If you or anyone you know is ever in need of mental health care, you should contact CAPS.

<center><h3><a href="https://caps.ucsd.edu/">caps.ucsd.edu</a></h3></center>

## Demo

### _Little Women_ (1868)

- _Little Women_, by Louisa May Alcott, is a novel that follows the life of four sisters – Meg, Jo, Beth, and Amy.
    - A movie based on the novel was released in 2019, starring Emma Watson (Meg) and Timothée Chalamet (Laurie).
- Using tools from this class, we'll learn (a bit) about the plot of the book, without reading it.
- Do not worry about any of this code – we'll cover the necessary pieces in the weeks to come. Sit back and relax!

In [None]:
# Read in 'lw.txt' to a variable called little_women_text.
little_women_text = open('data/lw.txt').read()

In [None]:
# See the first three thousand characters.
little_women_text[:3000]

In [None]:
# Print the first three thousand characters.
print(little_women_text[:3000])

In [None]:
# Create a variable "chapters" by splitting the text on 'CHAPTER '.
chapters = little_women_text.split('CHAPTER ') 
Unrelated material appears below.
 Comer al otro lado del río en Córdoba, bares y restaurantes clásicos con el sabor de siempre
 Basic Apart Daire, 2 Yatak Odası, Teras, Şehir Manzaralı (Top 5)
# Create a DataFrame with one column - the text of each chapters.
bpd.DataFrame().assign(chapters=chapters)

In [None]:
# Number of occurrences of each name in each chapter.

counts = bpd.DataFrame().assign(
    Amy=np.char.count(chapters, 'Amy'),
    Beth=np.char.count(chapters, 'Beth'),
    Jo=np.char.count(chapters, 'Jo'),
    Meg=np.char.count(chapters, 'Meg'),
    Laurie=np.char.count(chapters, 'Laurie'),
)
counts

In [None]:
# Cumulative number of times each name appears.

cumulative_counts = bpd.DataFrame().assign(
    Amy=np.cumsum(counts.get('Amy')),
    Beth=np.cumsum(counts.get('Beth')),
    Jo=np.cumsum(counts.get('Jo')),
    Meg=np.cumsum(counts.get('Meg')),
    Laurie=np.cumsum(counts.get('Laurie')),
    Chapter=np.arange(1, 49, 1)
)

cumulative_counts

In [None]:
# Putting it all together, we get a helpful visualization.
cumulative_counts_df = cumulative_counts.drop(columns=['Chapter']).to_df().melt().rename(columns={'variable': 'name', 'value': 'Count'})
cumulative_counts_df = cumulative_counts_df.assign(Chapter=list(range(1, 49)) * 5)
px.line(cumulative_counts_df, x='Chapter', y='Count', color='name', width=900, height=600, title='Cumulative Number of Times Each Name Appears', template='ggplot2')

- In Chapter 32, Jo moves to New York alone. Her relationship with which sister suffers the most from this faraway move?

- Laurie is a man who marries one of the sisters at the end. Which one?


### Next time

On Monday, we'll start programming in Python 🐍. Remember to bring a laptop or tablet if you have one.